Indolent House?

The State of Nagaland has a comparatively small legislature with strength of sixty members. In size as well as in its function, the State Assembly is therefore only a very small miniature of the bicameral Indian Parliament housing two chambers with over 700 members. The smallness of the Assembly though should not in anyway undermine its vibrancy. But it does cause concern when the functionality of the August house comes under question. With the one day session of the Assembly on September 18, it remains to be seen as to whether the session itself was held solely to fulfill a technical rule or was it a genuine desire to address issues upfront. The State Assembly is expected to meet at least twice a year and not more than six months shall be allowed to elapse between the date on which a House is prorogued and the commencement of its next session. Interestingly, the last time the Assembly met was during the Budget Session around March 20-23 of this year. This means that the period of six months would have elapsed any day after September 20 and therefore the one day session on September 18 appears to have been well timed to avoid any constitutional glitch unless off course this assumption is wrong. 

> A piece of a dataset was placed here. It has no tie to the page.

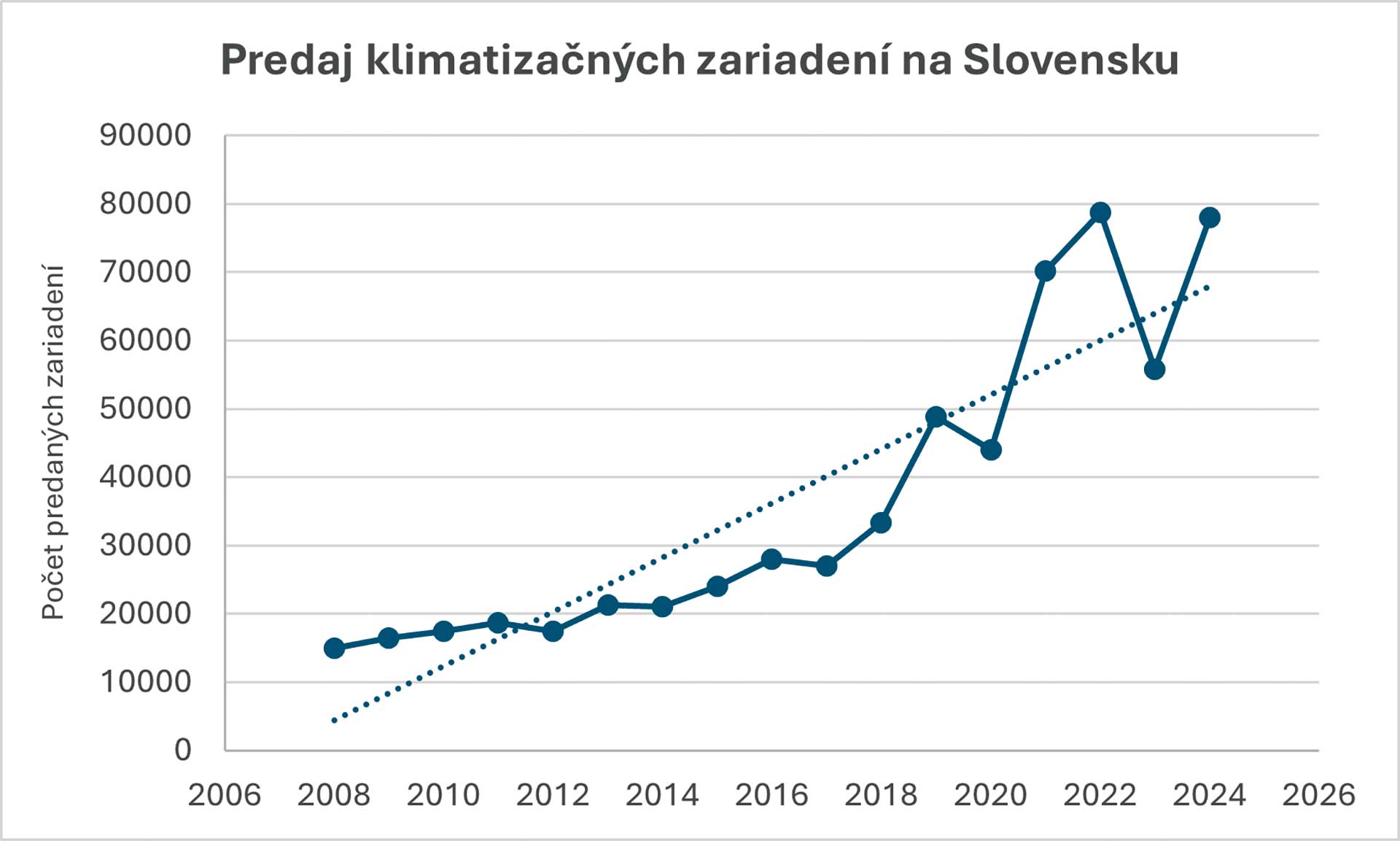 Koľko elektrickej energie si reálne vyžaduje prevádzka chliadiacich zariadení na Slovensku?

But leaving aside all this, the number of session held in a year and their duration and sitting is awfully short, which not even our honorable MLAs will dispute. Take for instance this year’s record. The Budget session in March was the longest with four days sitting. Add the one day session on September 18, and the total sitting for this year comes to five. Surprisingly, for whatever reasons, the Monsoon Session was given a miss this year. And with election early next year, the September 18 session could well be the last for the 10th Nagaland Legislative Assembly (NLA). It is therefore clearly evident that the NLA hardly sits and even if it does, deliberation remains awfully short not going beyond 4-5 days at the most. It will be equally interesting to find out what the Rules of Procedure and Conduct of Business (if there is any) have to say on the number of sessions and sittings to be held in every calendar year of the Assembly. Orissa, for instance, under its prevalent Rules, is obligated to have not less than three sessions with minimum 60 sittings days in a year. 

The need therefore arises to strengthen the Legislature in order that it remains an effective tool not only to keep a check on the government of the day but on their part, Legislators would need to be better equipped to function as active and effective participants inside the Assembly. With recent events within the State itself undermining the culture of peace and dialogue, there is an urgent need to advance democratic values, practices and institutions. The MLAs as proud owners of a brand new Assembly Complex should remain equally committed to mould the Legislature into a competent, accountable, transparent, and responsive institution befitting its high status.